Number of lines with the string "Christmas" in the entries below: report it, and nothing besides.

Web page caption snippets
---
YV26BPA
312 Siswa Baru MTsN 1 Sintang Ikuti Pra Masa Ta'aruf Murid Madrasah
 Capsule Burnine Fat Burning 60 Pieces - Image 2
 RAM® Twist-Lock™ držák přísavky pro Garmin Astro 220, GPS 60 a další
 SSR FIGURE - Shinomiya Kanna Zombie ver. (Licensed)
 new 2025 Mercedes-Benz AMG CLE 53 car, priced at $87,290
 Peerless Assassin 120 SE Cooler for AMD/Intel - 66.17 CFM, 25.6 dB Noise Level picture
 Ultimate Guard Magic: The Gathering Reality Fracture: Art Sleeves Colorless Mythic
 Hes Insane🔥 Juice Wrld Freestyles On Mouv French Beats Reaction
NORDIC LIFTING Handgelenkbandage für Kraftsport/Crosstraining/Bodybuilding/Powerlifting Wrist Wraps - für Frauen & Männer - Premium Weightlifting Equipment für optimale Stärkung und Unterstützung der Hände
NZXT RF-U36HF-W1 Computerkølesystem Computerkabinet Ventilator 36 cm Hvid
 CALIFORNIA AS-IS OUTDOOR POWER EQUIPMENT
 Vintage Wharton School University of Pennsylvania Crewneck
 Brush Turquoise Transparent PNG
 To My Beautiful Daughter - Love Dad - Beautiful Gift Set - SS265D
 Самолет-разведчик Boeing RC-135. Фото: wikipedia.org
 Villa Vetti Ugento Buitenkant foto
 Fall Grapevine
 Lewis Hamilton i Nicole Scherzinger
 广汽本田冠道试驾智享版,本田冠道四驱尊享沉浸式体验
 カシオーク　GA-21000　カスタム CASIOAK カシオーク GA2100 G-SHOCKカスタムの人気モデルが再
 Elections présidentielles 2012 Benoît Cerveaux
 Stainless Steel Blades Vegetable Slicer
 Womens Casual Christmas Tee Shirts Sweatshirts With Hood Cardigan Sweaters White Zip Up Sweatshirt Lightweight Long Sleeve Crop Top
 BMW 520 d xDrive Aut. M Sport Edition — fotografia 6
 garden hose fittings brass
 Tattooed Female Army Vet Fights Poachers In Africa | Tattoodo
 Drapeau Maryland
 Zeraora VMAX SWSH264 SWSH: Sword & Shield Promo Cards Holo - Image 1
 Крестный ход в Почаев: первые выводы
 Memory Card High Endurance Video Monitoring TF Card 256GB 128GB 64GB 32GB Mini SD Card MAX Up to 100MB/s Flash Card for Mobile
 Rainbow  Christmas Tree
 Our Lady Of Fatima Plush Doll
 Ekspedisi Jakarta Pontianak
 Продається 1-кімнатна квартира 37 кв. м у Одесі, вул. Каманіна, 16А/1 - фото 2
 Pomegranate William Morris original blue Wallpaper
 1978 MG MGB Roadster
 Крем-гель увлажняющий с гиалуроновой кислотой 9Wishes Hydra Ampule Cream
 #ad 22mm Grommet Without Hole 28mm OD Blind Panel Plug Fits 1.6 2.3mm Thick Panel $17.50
---
» Answer space
2